- [WHAT YOU NEED TO DO]
Everything in the listing below must be set down again exactly, apart from the pictures.

- [COLLECTED DATA]
--- START ---
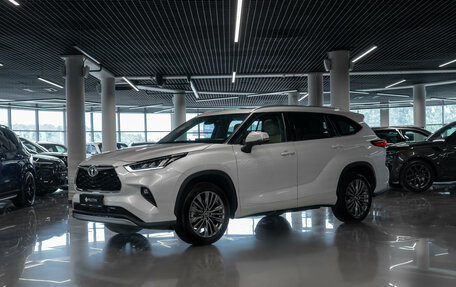 Toyota Highlander, 2026 год, 5 700 000 рублей, 1 фотография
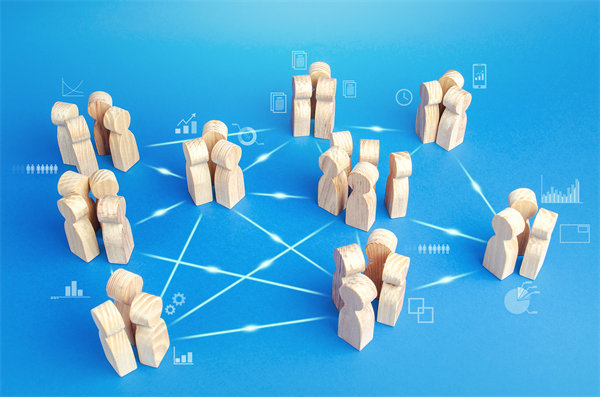 全球化運營中，集團管控面臨哪些新挑戰(zhàn)及應(yīng)對策略？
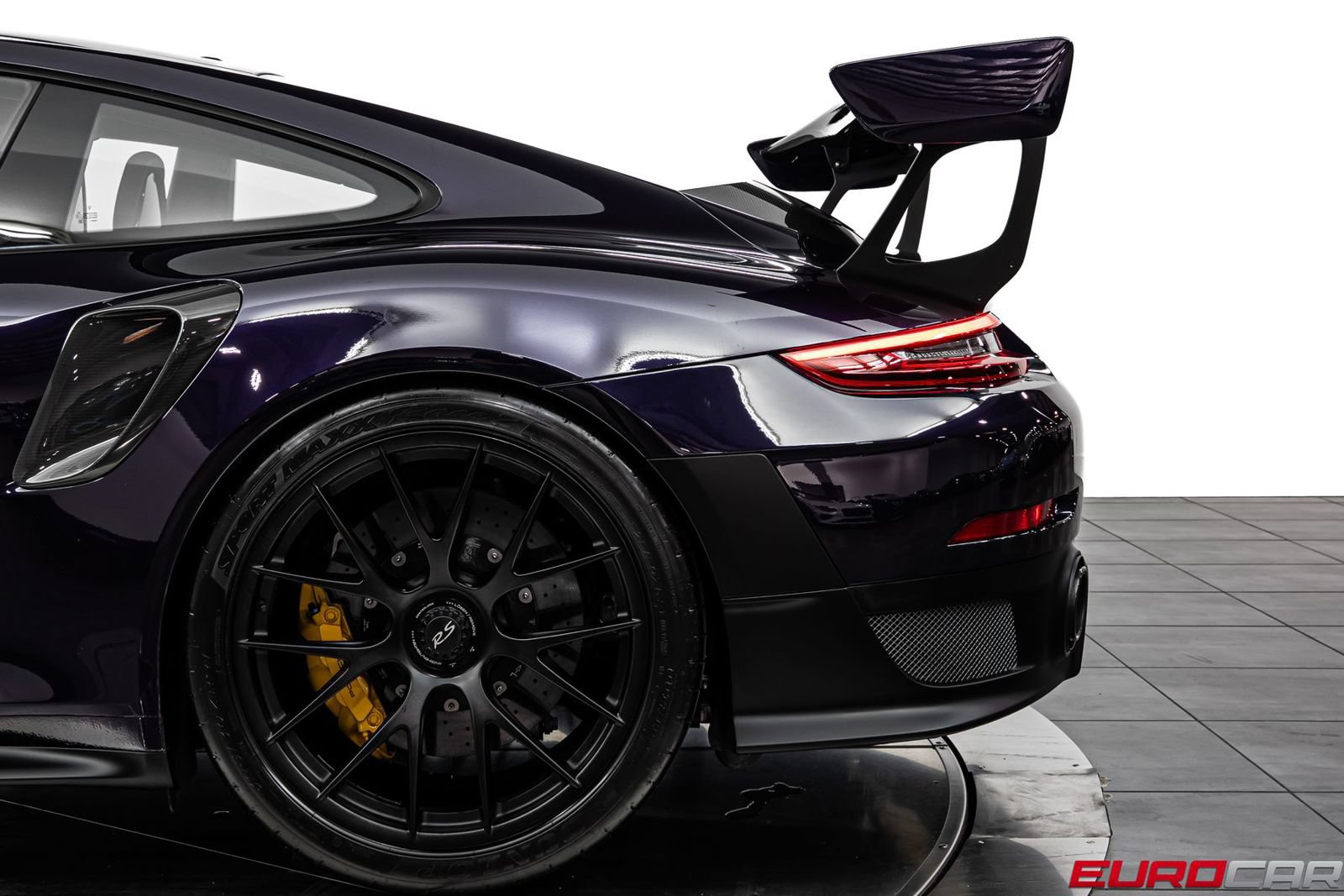 Used 2018 Porsche 911 GT2 RS RWD image 22
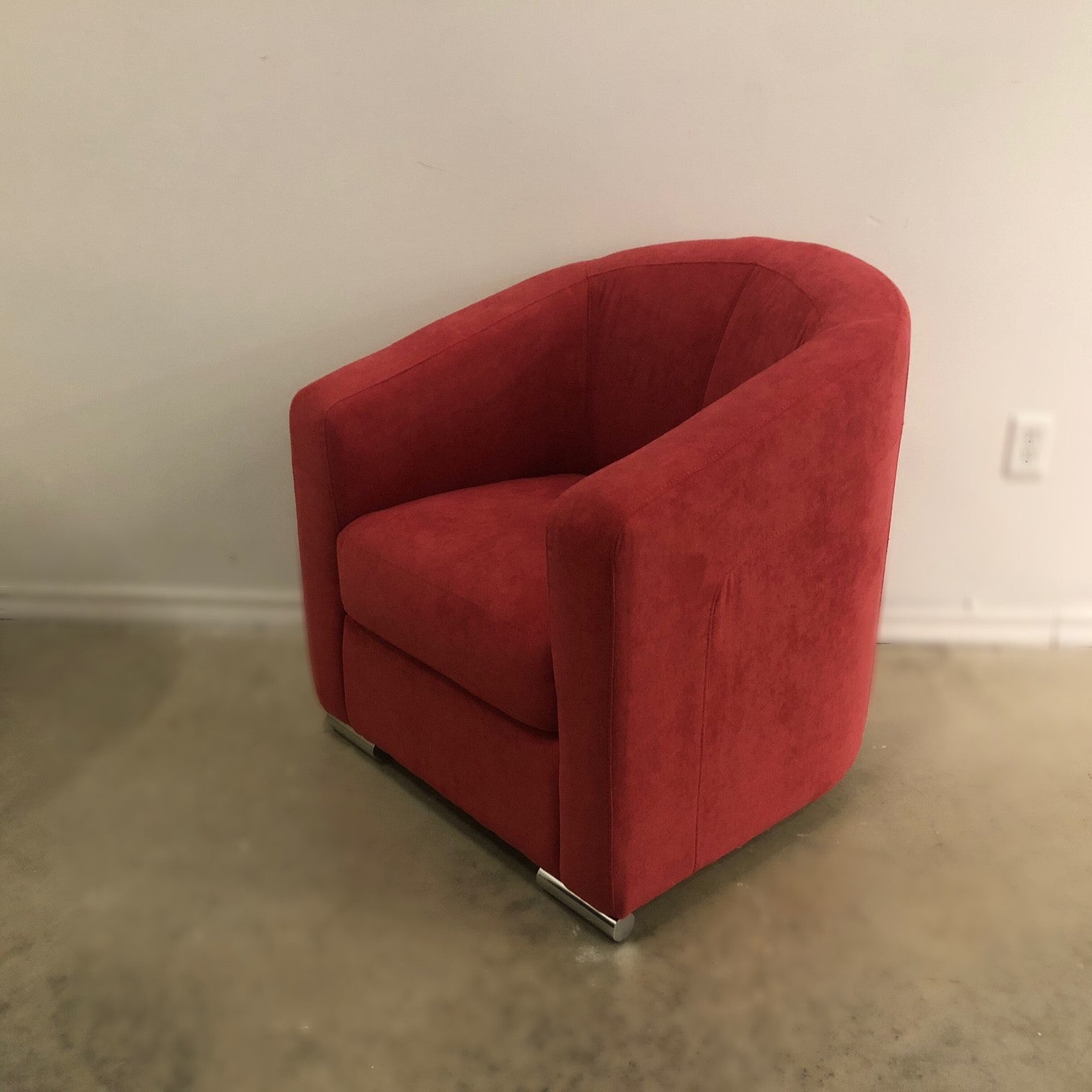 BYRON RED FABRIC TUB CHAIR BY CORIUM ITALIA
--- END ---
- [RESPONSE]
 Toyota Highlander, 2026 год, 5 700 000 рублей, 1 фотография
 全球化運營中，集團管控面臨哪些新挑戰(zhàn)及應(yīng)對策略？
 Used 2018 Porsche 911 GT2 RS RWD image 22
 BYRON RED FABRIC TUB CHAIR BY CORIUM ITALIA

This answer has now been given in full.